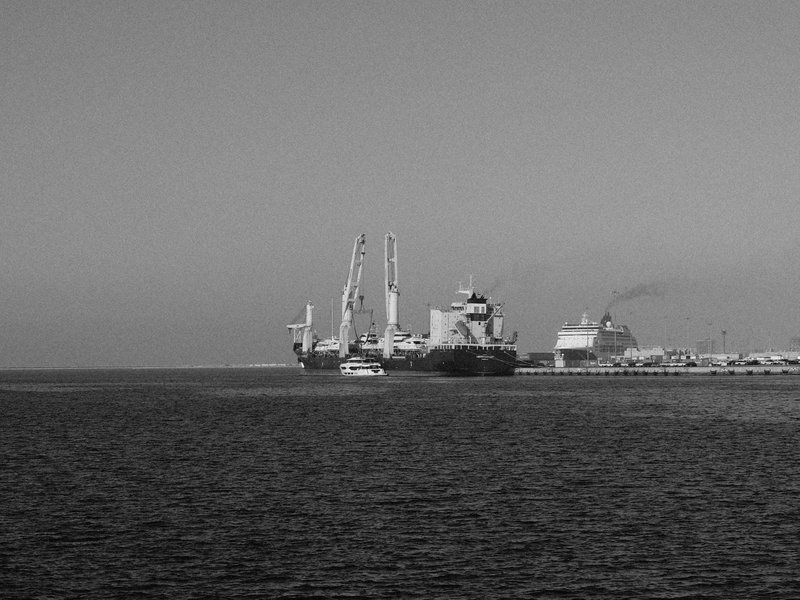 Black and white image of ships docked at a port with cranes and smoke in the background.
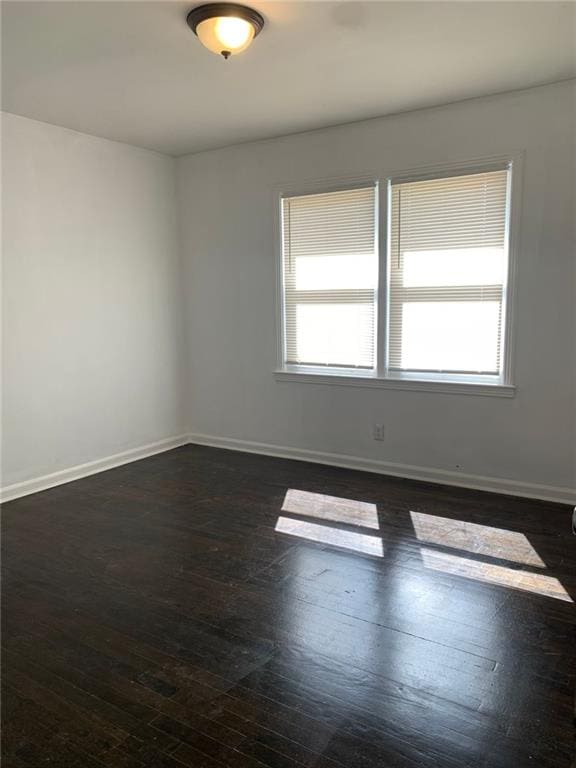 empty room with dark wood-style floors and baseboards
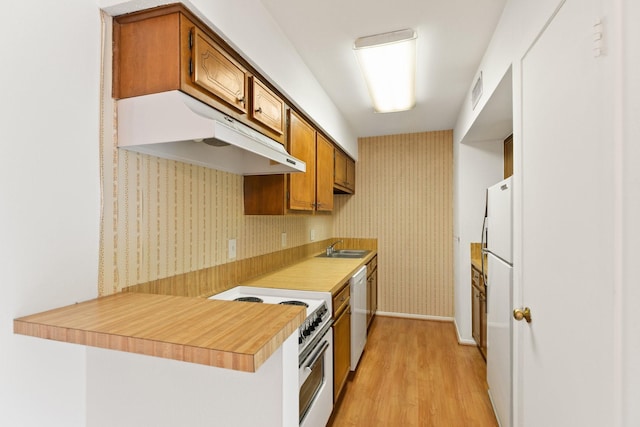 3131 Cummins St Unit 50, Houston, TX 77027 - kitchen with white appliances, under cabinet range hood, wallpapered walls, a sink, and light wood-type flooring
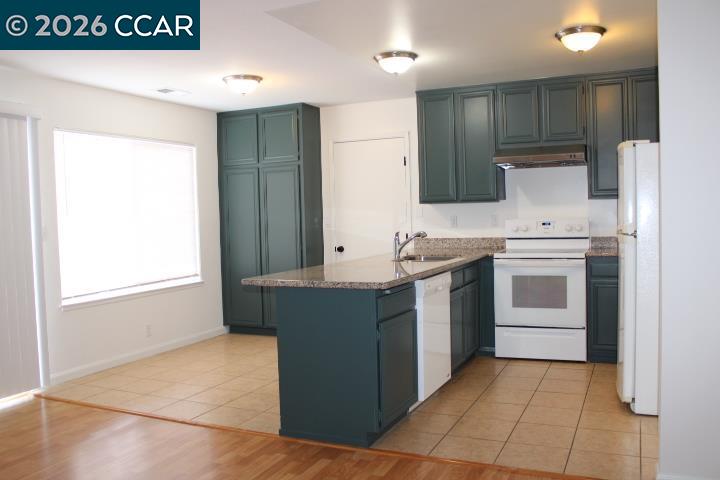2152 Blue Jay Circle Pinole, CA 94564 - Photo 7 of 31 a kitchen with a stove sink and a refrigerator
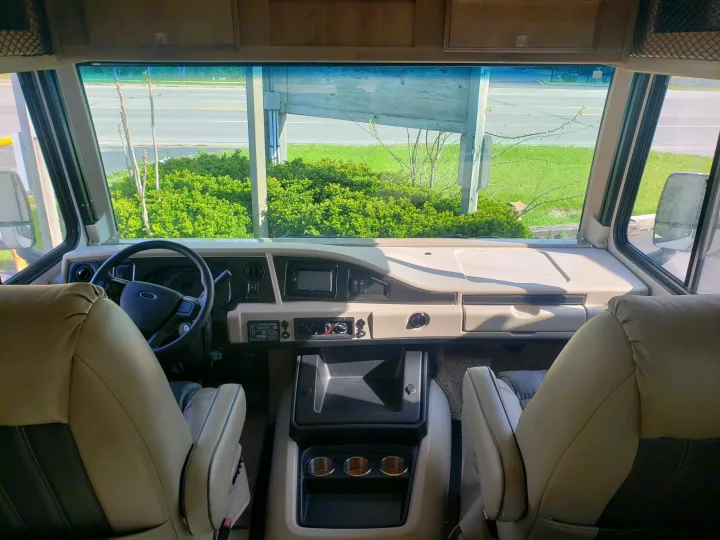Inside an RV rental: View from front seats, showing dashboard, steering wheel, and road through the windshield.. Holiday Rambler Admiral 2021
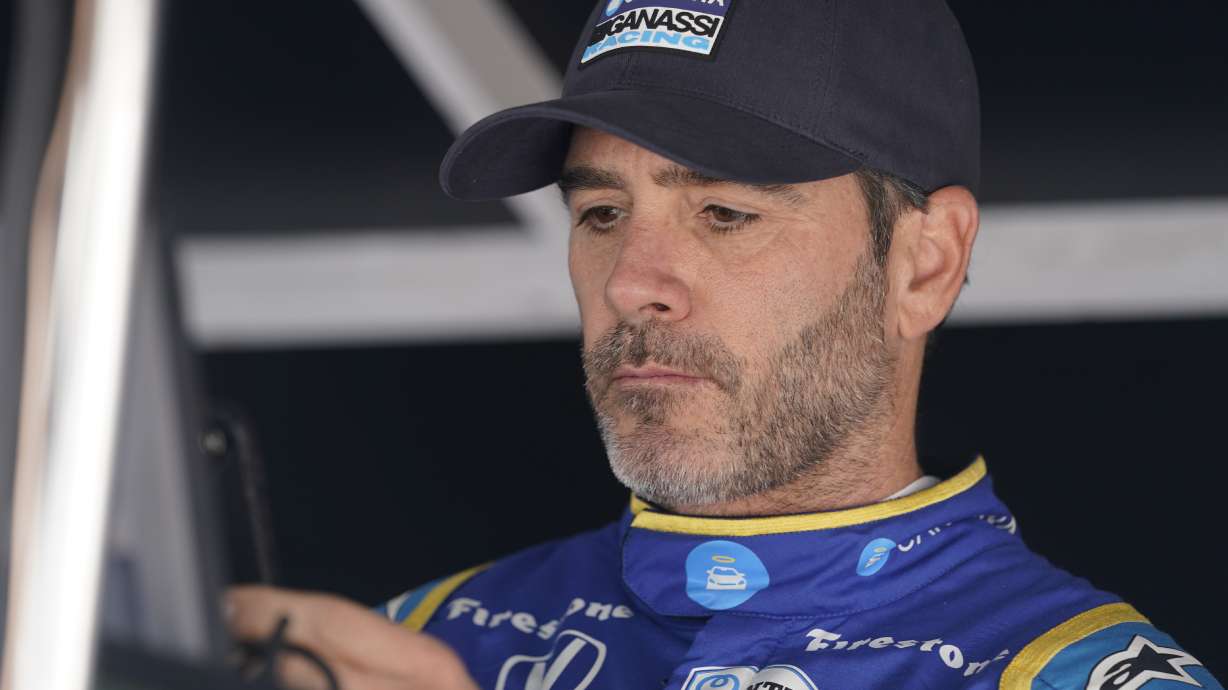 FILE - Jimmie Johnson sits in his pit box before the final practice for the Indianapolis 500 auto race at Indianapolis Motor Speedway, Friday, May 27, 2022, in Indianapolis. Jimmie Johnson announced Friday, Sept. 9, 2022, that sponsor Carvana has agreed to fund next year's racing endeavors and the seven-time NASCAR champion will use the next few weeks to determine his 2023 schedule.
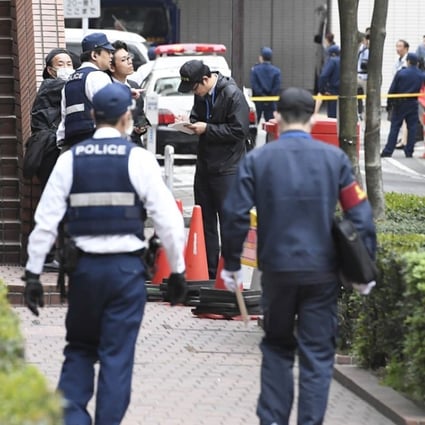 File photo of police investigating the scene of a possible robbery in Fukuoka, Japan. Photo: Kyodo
* * *
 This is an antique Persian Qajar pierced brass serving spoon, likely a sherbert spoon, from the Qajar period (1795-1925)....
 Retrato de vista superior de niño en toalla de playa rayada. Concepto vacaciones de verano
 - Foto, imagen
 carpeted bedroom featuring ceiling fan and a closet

- **The problem**:
In the listing above, find the line with "Black and white" and the line with "File photo of". Transcribe those two and everything between, exactly, leaving out pictures.

- **Written answer**:
 Black and white image of ships docked at a port with cranes and smoke in the background.
 empty room with dark wood-style floors and baseboards
 3131 Cummins St Unit 50, Houston, TX 77027 - kitchen with white appliances, under cabinet range hood, wallpapered walls, a sink, and light wood-type flooring
2152 Blue Jay Circle Pinole, CA 94564 - Photo 7 of 31 a kitchen with a stove sink and a refrigerator
Inside an RV rental: View from front seats, showing dashboard, steering wheel, and road through the windshield.. Holiday Rambler Admiral 2021
 FILE - Jimmie Johnson sits in his pit box before the final practice for the Indianapolis 500 auto race at Indianapolis Motor Speedway, Friday, May 27, 2022, in Indianapolis. Jimmie Johnson announced Friday, Sept. 9, 2022, that sponsor Carvana has agreed to fund next year's racing endeavors and the seven-time NASCAR champion will use the next few weeks to determine his 2023 schedule.
 File photo of police investigating the scene of a possible robbery in Fukuoka, Japan. Photo: Kyodo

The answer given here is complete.